Current Communist Party policy on the Japanese question is indicated in an editorial by Communist John Pittman in "The People's Daily World" for Wednesday, July 21, 1943. "According to our coverage of the (Governor's) conference," the editorial states, "Governor Warren's sole contribution to the solution of the problems of the Nation and the world, now in the most critical period of history, was a claim that the release of the Japanese-Americans from the relocation centers in the west, had created a danger in the country... it bears the indelible stamp of an incorrigibly provincial mind, surveying the universe from the top of an ant hill, and that, through the wrong end of a telescope. Its pettiness is exceeded by only its falsities, for in actual fact the release of loyal Japanese-Americans from Relocation Camps for integration in industry and the armed services has been a boon rather than a danger, to the war effort. More to the point, it smells of the 'Pacific first' dung-hill, explicitly minimizing the menace of Hitler, all too few of whose saboteurs amongst us have been tried."

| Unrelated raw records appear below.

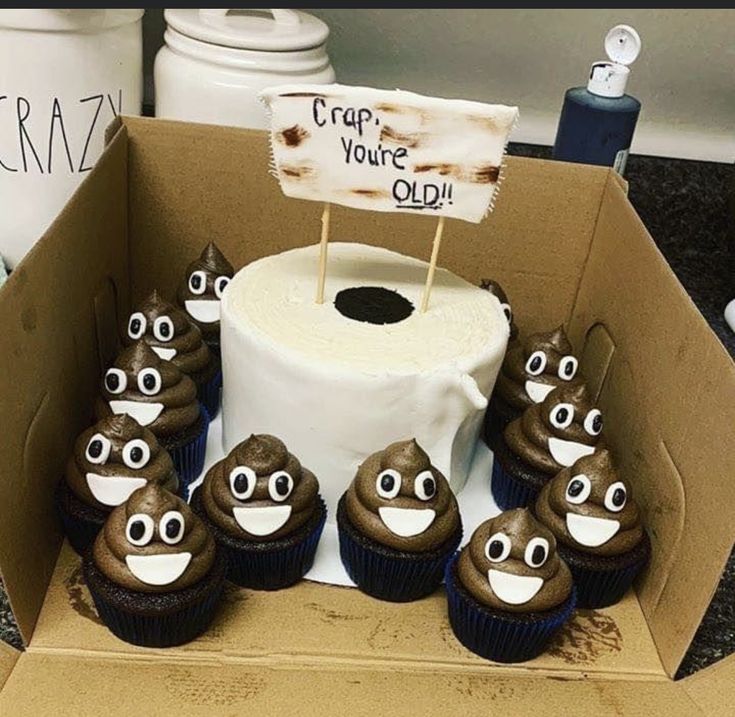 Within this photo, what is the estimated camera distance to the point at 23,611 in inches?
30.3

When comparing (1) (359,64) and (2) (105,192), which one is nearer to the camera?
(2) (105,192)

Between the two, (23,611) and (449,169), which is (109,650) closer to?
(23,611)

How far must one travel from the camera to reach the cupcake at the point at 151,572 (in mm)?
770

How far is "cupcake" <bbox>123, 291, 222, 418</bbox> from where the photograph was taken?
1036 mm

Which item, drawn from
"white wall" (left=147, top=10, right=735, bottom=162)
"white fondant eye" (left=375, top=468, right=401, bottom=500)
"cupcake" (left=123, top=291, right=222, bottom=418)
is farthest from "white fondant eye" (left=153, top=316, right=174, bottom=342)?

The Communist Party had made converts among the Japanese population before Pearl Harbor. Soviet policy in the Far East and the ultimate objective of world communism will dictate the "scientific" policy for Communist treatment of the Japanese, both in the United States and abroad. The committee states unequivocally and without fear of contradiction by future events, that the American Communists will vociferously echo Soviet policy, both as to the Japanese war and postwar diplomacy. Meanwhile American Communists remain neatly balanced on Soviet neutrality, awaiting the Stalinistic determinism of Moscow's dialecticians and "the correct course to be pursued" as finally established by Kremlin metaphysicians. They will then leap into the fray on the side of the fence indicated by Marshal Stalin's pipe.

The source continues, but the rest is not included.